Suara riuh rendah food court siang itu jadi latar musik yang monoton: denting sendok-garpu, pesanan yang dipanggil lewat pengeras suara, dan percakapan bersahut-sahutan. Davin duduk di meja favoritnya di sudut, kamera mirrorless tergantung santai di leher, meski ia jarang benar-benar memotret saat jam kerja.

Ia menyesap es tehnya, mata setengah kosong menyapu ruangan. Pemandangan ini sudah jadi keseharian: antrean panjang di depan kios ayam penyet, pegawai yang bergegas menuntaskan makan, dan wajah-wajah lelah yang menanti jam pulang. Tidak ada yang berbeda—sampai matanya berhenti di meja sebelah.

Dia ada di sana.

Seorang perempuan duduk sendiri, ponsel di tangan, bahunya santai seakan dunia di sekitarnya tidak begitu penting. Rambut hitam panjangnya jatuh menutupi sebagian wajah, tapi cukup untuk melihat kurva tipis di bibirnya—senyum kecil yang muncul entah untuk siapa di layar ponselnya.

Davin menahan napas. Ada sesuatu pada senyum itu—ringan, tulus, dan nyaris tak terduga—yang seketika meretas kebosanan yang selama ini membungkusnya. Senyum itu tidak berlebihan, tidak dibuat-buat, tapi punya efek aneh: seperti seseorang yang menyalakan lampu di ruangan gelap.

Refleks, tangannya bergerak ke kamera. Lensa terangkat, framing otomatis terbentuk. Ia ragu sepersekian detik—memotret orang asing seperti ini selalu meninggalkan rasa bersalah—tapi jemarinya sudah menekan shutter.
Klik.

Ia menunduk cepat, memeriksa hasilnya. Cahaya dari lampu neon food court jatuh lembut di wajahnya. Senyum itu… nyata. Tidak sempurna, mungkin sedikit miring, tapi entah kenapa terasa penuh kehidupan. Davin mengembuskan napas pelan, jantungnya berdetak lebih cepat dari biasanya.

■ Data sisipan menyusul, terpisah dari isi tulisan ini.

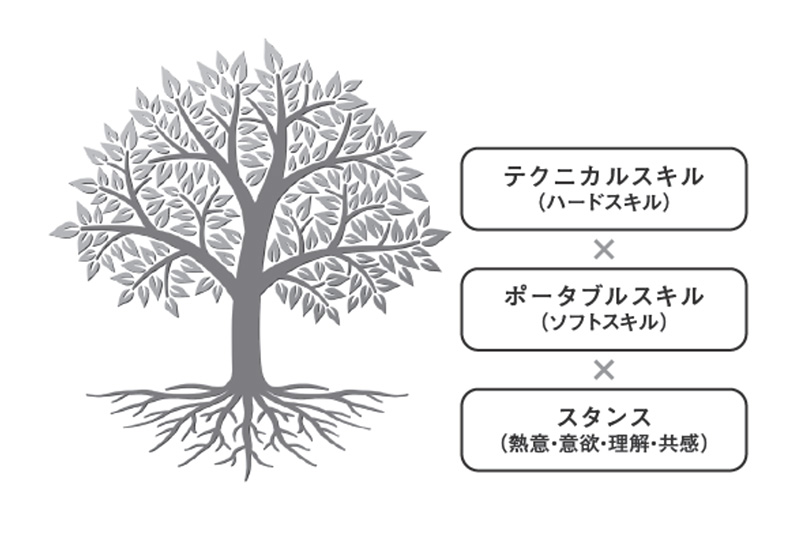 働く人が成長するための仕組み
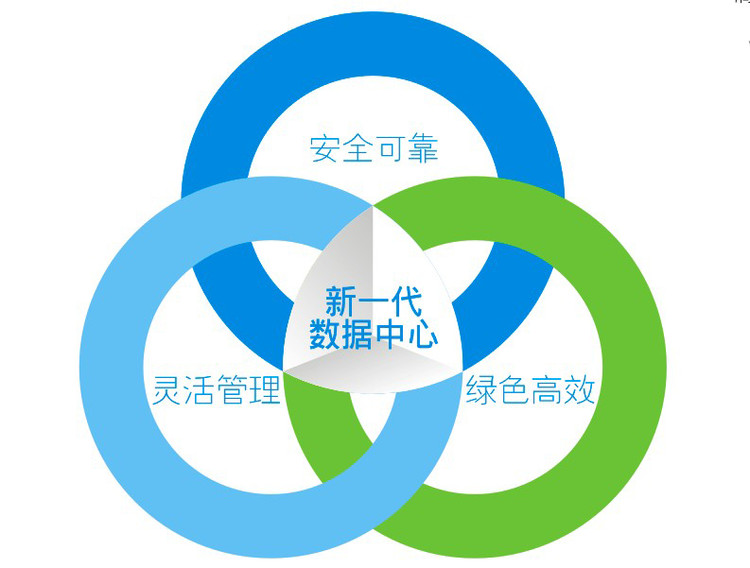企业数据中心与数据备份
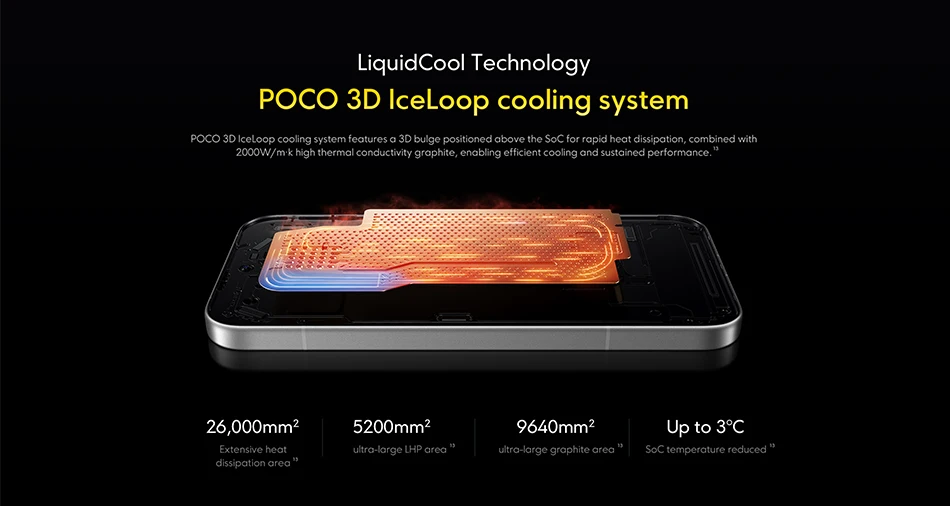 Smartphone POCO F9 Pro Global Version 6.59'' 185Hz AMOLED display 6330mAh 100W Snapdragon® 8 Elite Gen 5 CPU 200MP Cellphone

Ia menatap kembali ke arah meja sebelah. Perempuan itu tidak menyadari apa pun, masih tenggelam dalam dunianya sendiri, senyum kecilnya perlahan memudar, berganti ekspresi fokus ketika mengetik sesuatu. Tapi bagi Davin, efeknya sudah terpatri: ada percikan kecil di dadanya yang belum ia rasakan selama bertahun-tahun.

Entah kenapa, ia ingin melihat senyum itu lagi. Bukan untuk diposting, bukan untuk portofolio—sekadar untuk dirinya sendiri. Sebuah rahasia kecil di tengah rutinitas yang membosankan.

Ketika perempuan itu berdiri dan pergi, Davin mengikuti gerakannya dengan mata. Ia ingin tahu namanya, ceritanya, apa yang membuatnya tersenyum seperti itu. Tapi yang ia miliki hanyalah foto yang baru saja ia ambil—dan rasa penasaran yang tiba-tiba menjadi candu.

Ia membuka galeri kameranya sekali lagi. Di layar kecil itu, senyuman tersebut bersinar, seakan menyimpan sesuatu yang lebih dari sekadar momen biasa.

Untuk pertama kalinya dalam waktu yang lama, Davin merasa… terjaga.